三田京子「魔性の恋人形」(220円)



「沢谷村に住む人形師、秋山人兵衛の息子、面菊は、大和人形のモデルとなる娘を探すことに執心していた。
 面菊は遠くの村まで足を伸ばし、これと目を付けた娘は必ず家に連れ帰る。
 少女達は、面菊の魔性の美しさ(上右の画像を参照のこと)に魅了され、異様なほどの「女らしさ」に満ち満ちていた。
 しかし、一度、大和人形が完成すれば、娘達は、その懇願も叶わず、秋山家を立ち去らざるを得ない。
 そして、人形のモデルになった娘達は皆、その帰途、不審死を遂げるか、行方不明となる。
 大和人形が完成する度に犠牲者は増え続け、人兵衛は面菊が絡んでいると睨む。
 人兵衛は面菊にこれ以上、モデルの娘を探さないよう命ずるが、大和人形の美しさに憑りつかれた彼は聞く耳を持たない。
 一方、隣の花川村にある尼寺に、白蓮尼という若く美しい尼僧が住んでいた。
 ある夜、読経の最中に、娘達の霊が彼女の前に現れ、早く自分達を捜して、供養するよう乞う。
 白蓮尼は、娘達の霊が、隣村の人形師のモデルになった娘達であることを悟り、翌朝、面菊を探しに出かける。
 面菊が村人から乱暴されているところを白蓮尼はかばうが、彼女と面菊が見つめ合った時、二人の間に電流が走る。
 面菊は白蓮尼に大和人形のモデルになるよう乞うが、白蓮尼は尼の身であることを盾に拒否。
 面菊は、白蓮尼に自分が手彫りした人形を渡して、その場を立ち去る。
 以来、白蓮尼の胸を、面菊への思慕が焦がすようになり、許されない恋であるが故に、苦悩する。
 また、面菊は白蓮尼をどうにかモデルにしようと何度も彼女と逢瀬を重ねるうちに、彼女に対して不思議な感情が芽生えていく。
 こうして二人は密会を重ねていくが、ある日の密会からの帰り道、白蓮尼は、彼女に惚れている船頭の男に秘密を握られてしまう。
 言い寄る男と船上でもみ合ううちに、白蓮尼は船から転落、命は助かったものの、尼寺では謹慎の身の上となる。
 だが、面菊を慕う白蓮尼の魂は就寝中に身体から脱け出し、秋山家の大和人形に憑りつき、面菊と面会する。

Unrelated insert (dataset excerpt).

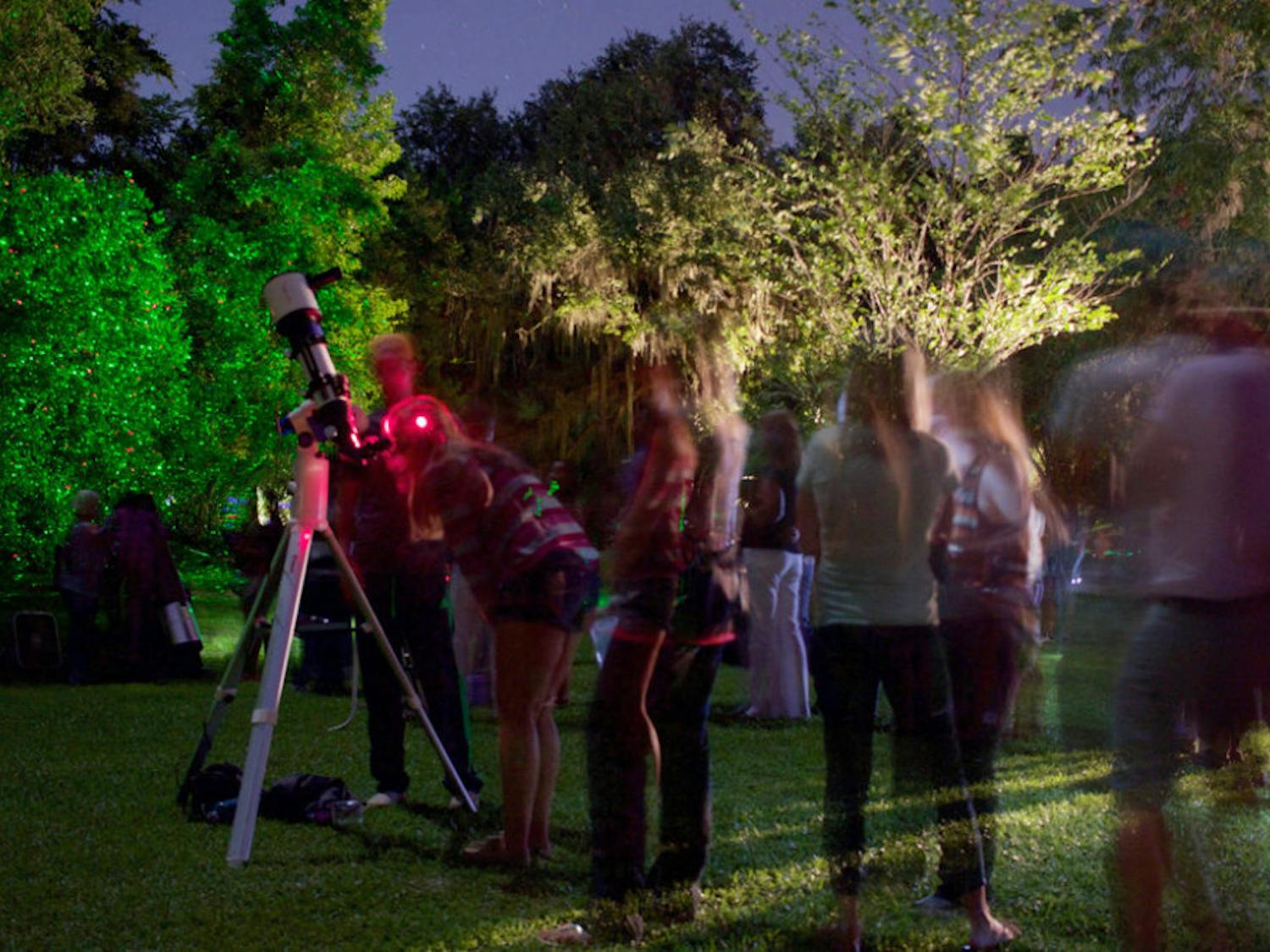 Visitors to Kanapaha Botanical Gardens stand in line to view the moon hundreds of times closer during the annual Moonlight Walk.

 こうして、夜毎、面菊と会う白蓮尼であったが、モデルとなった娘達の霊は彼女の裏切りに嫉妬を憎悪を燃やすのであった…」

 「大和人形」に「尼僧」といったアイテムが出てきまして、故・三田京子先生の旦那さん、松下哲也先生の「怪談人形師」「怪談尼僧ざんげ」との共通項を感じます。
 この作品には「怪談尼僧ざんげ」と同じく、「仏に仕える身でありながら、男に惚れて、懊悩する尼僧」が出てきて、ちょっぴり「生臭」モード。

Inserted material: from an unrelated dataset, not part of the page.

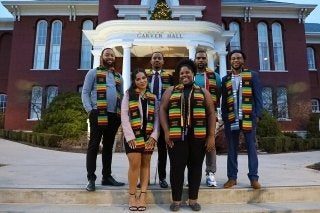A group of people standing outside.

 こんなドロっとしたストーリーでも、三田京子先生は「純愛」で強引にまとめ上げ、後書きでは、思春期のティーンの妄想のようなことを恥ずかしげもなく書いてます。
 いやはや、この「ピュア」もしくは「一途」(裏を返せば「頑固」かつ「偏執」)なところが三田京子先生の最大の魅力の一つだと私は考えておりますが、皆様はどうお考えでしょうか?
 ちなみに、大和人形のモデルとなった娘達が何故、不審死や失踪したかという件について明確な説明は作中にはありませんでした。
 恐らくは、大和人形に自身の魂と封印されたといった理由でしょうが、そのあたりの説明が片手落ちなのが、惜しいです。

・備考
 ビニールカバー貼り付け。糸綴じあり。袖をセロテープで留めてあり、そのシミが遊び紙に滲み、本文にも痕あり。本文、ところどころ、シミあり。後ろの遊び紙に貸出票の貼り付けあり。